5. An apparatus for heatless production of hollow items, such as foundry shell cores, from binder coated granular minerals, comprising

a) a separable-part pattern box assembly (32) having a pattern (68) defining a pattern cavity (54), an investment aperture (52) in the upper end communicating with the pattern cavity (54), said pattern box assembly (32) being rotatingly mounted on a support frame (56), and selectively positionable in a material receiving position and an item transfer position; said pattern being gas permeable, a flow space (70) surrounding said pattern (68), and a gas manifold (74) and a vent (72) communicating with said flow space (70);

b) granular material supply means (44) pivotally disposed above the pattern box assembly (32) and adapted to reciprocate in horizontal and vertical planes;

c) granular material storage means (12), pivotally connected above said material supply means (44) and having freedom of movement at least in the horizontal plane;

d) sealing means (96) pivotally mounted on said granular material supply means (44), having an actuator and an elastic element (104) selectively positionable over the investment aperture (52) of the pattern box assembly (32) and away from it;

e) trimming means (46) with a cutting element (106) pivotally mounted over the pattern box (32), and adapted to reciprocate in both horizontal and vertical planes;

f) a mechanical elevator system (14) for conveying solvent containing unhardened- material discharged from underneath the pattern box (32) to the material supply means (12) above said box; and

g) transfer means (82) adapted for engaging the produced item by contacting internal surfaces of the cavity and of the investment aperture of said item upon separation of the parts of said pattern box assembly (32) in the item transfer position.

6. The apparatus of claim 5, characterized by said pattern (68) being made from a solid-wear- resistant material having inserts of permeable material, said inserts disposed in staggering, chess-board-like fashion, with the distance between inserts equal or less than the insert diameter.

7. The apparatus of claim 5 or 6, characterized in that said sealing means actuator is pivotally connected to said material supply means (44).

8. The apparatus of claim 5, 6 or 7, characterized in that the cutting element (106) has a length slightly exceeding the length of the investment aperture (52) of the pattern box assembly (32), the cutting element being adapted to rotate around the longitudinal axis of the trimming means (46), and being disposed away from said axis at a distance slightly less than the radius of the investment aperture (52).

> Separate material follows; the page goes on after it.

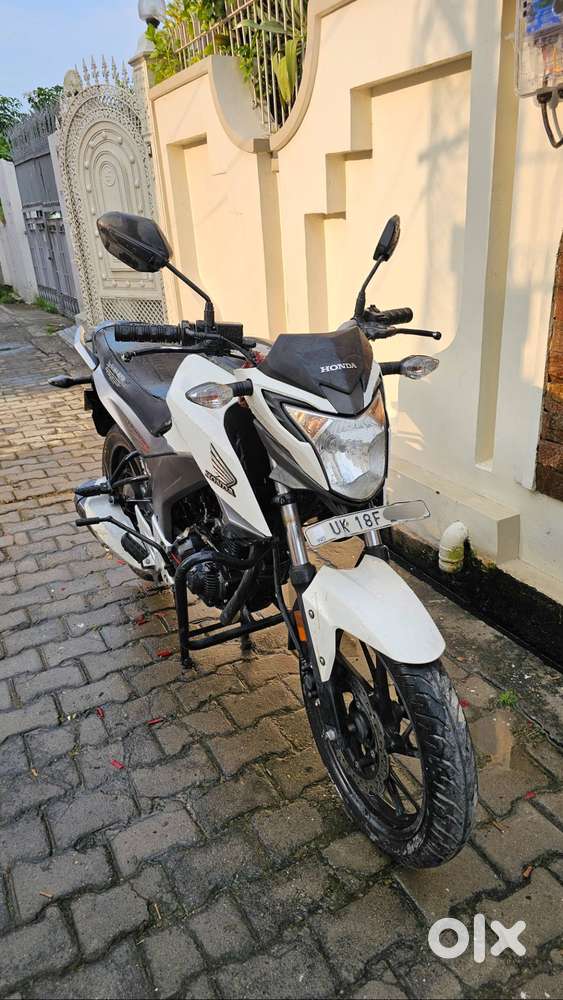 Honda Hornet 160r, 2017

9. The apparatus of any of claims 5 to 8, characterized by the pattern box including a stationary pattern box half (32A) and a movable pattern box half (32B), means for moving said movable pattern box half (32B) away from said stationary pattern box half (32A) with a first stroke and a second stroke, said transfer means (82) being adapted to engage a produced item after the first stroke of the movable pattern box half and before commencement of the second stroke, and characterized by ejection means (111, 79; 112, 78) for ejection of the produced item out of the stationary pattern box (32A) half at the beginning of the first opening stroke and ejection of said item out of the movable pattern box half (32B) at the beginning of the second opening stroke.

10. The apparatus of claim 9, characterized in that after said second stroke, the parts of said pattern box (32) are open slightly greater than the width of the produced item.

11. The apparatus of any of claims 5 to 10, characterized by a blow plate (59) at the bottom of the material supply means (44) with a number of orifices each not more than approximately 1.90 cm (3/4 inch) diameter which is small enough to prevent arbitrary flow of the binder coated granular material out of the material supply means, but large enough to permit said material to flow freely into the investment aperture under the pressure of compressed air, said blow plate (59) being disposed within a circle diameter which is slightly less than the diameter of said investment aperture (52).